#### What you will do
Could you transcribe exactly the lines below, from the line with "Sprig Liquid Silicone" through the line with "LUNCH BAGS PRESS LOCK 40PK", and nothing else, leaving out the pictures?

#### Provided data
········

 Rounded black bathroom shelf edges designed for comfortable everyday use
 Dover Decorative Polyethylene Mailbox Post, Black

········

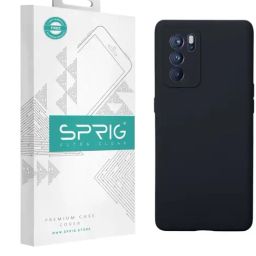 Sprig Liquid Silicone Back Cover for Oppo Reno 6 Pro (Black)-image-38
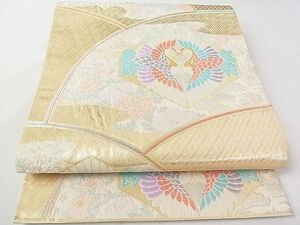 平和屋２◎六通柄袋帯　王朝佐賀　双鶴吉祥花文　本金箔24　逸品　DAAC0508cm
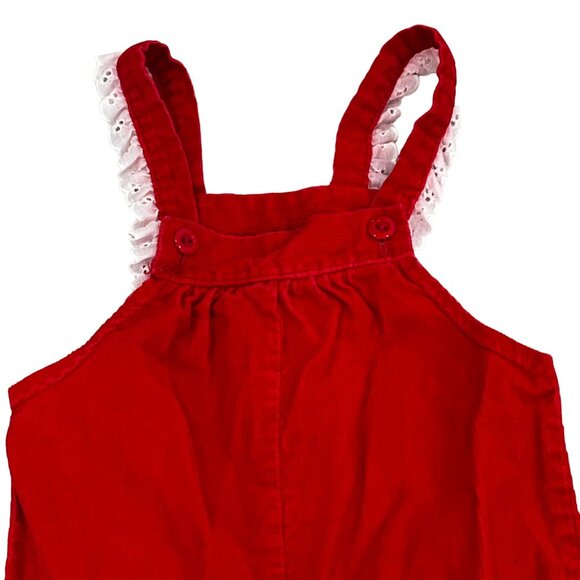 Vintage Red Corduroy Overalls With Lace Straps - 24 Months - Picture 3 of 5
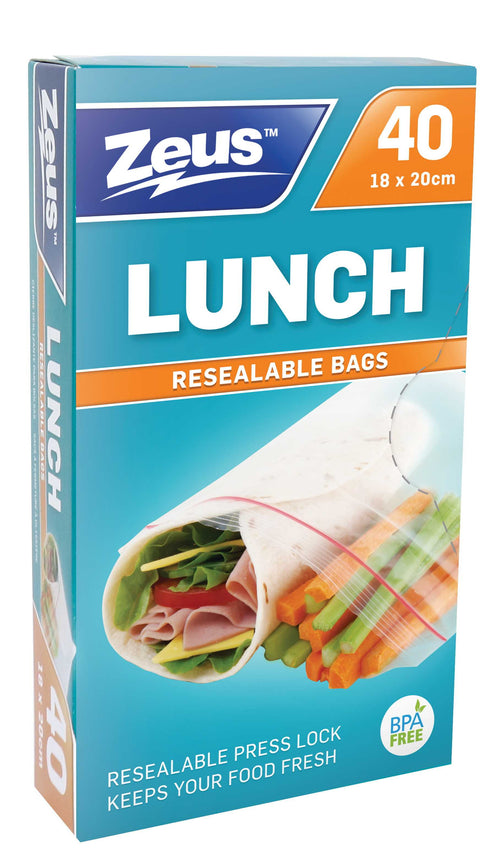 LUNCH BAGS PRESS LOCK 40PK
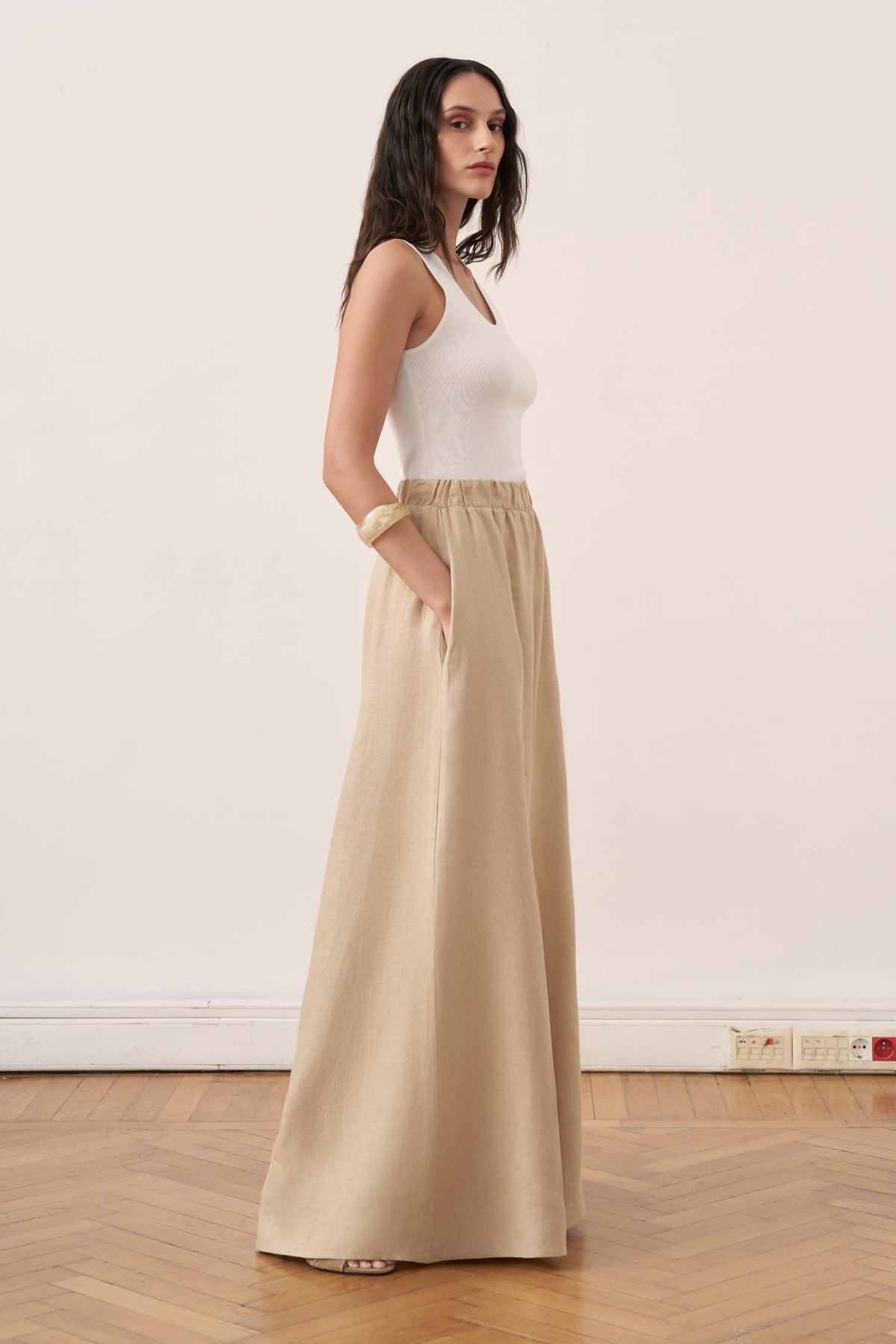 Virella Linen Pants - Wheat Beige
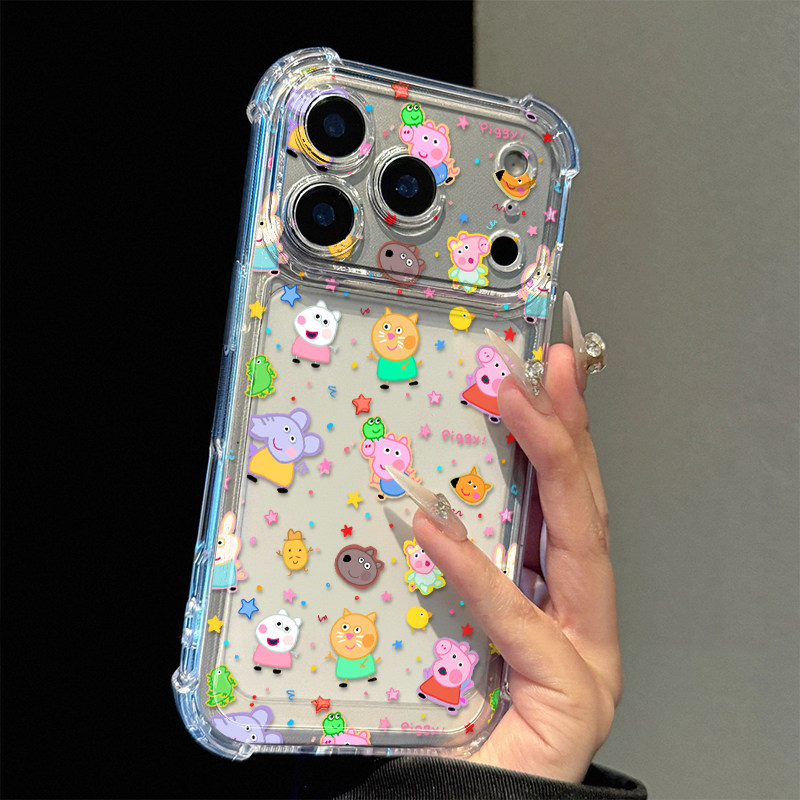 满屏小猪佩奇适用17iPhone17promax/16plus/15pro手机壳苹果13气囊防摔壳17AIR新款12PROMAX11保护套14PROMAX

········

#### Task solution
 Sprig Liquid Silicone Back Cover for Oppo Reno 6 Pro (Black)-image-38
 平和屋２◎六通柄袋帯　王朝佐賀　双鶴吉祥花文　本金箔24　逸品　DAAC0508cm
 Vintage Red Corduroy Overalls With Lace Straps - 24 Months - Picture 3 of 5
 LUNCH BAGS PRESS LOCK 40PK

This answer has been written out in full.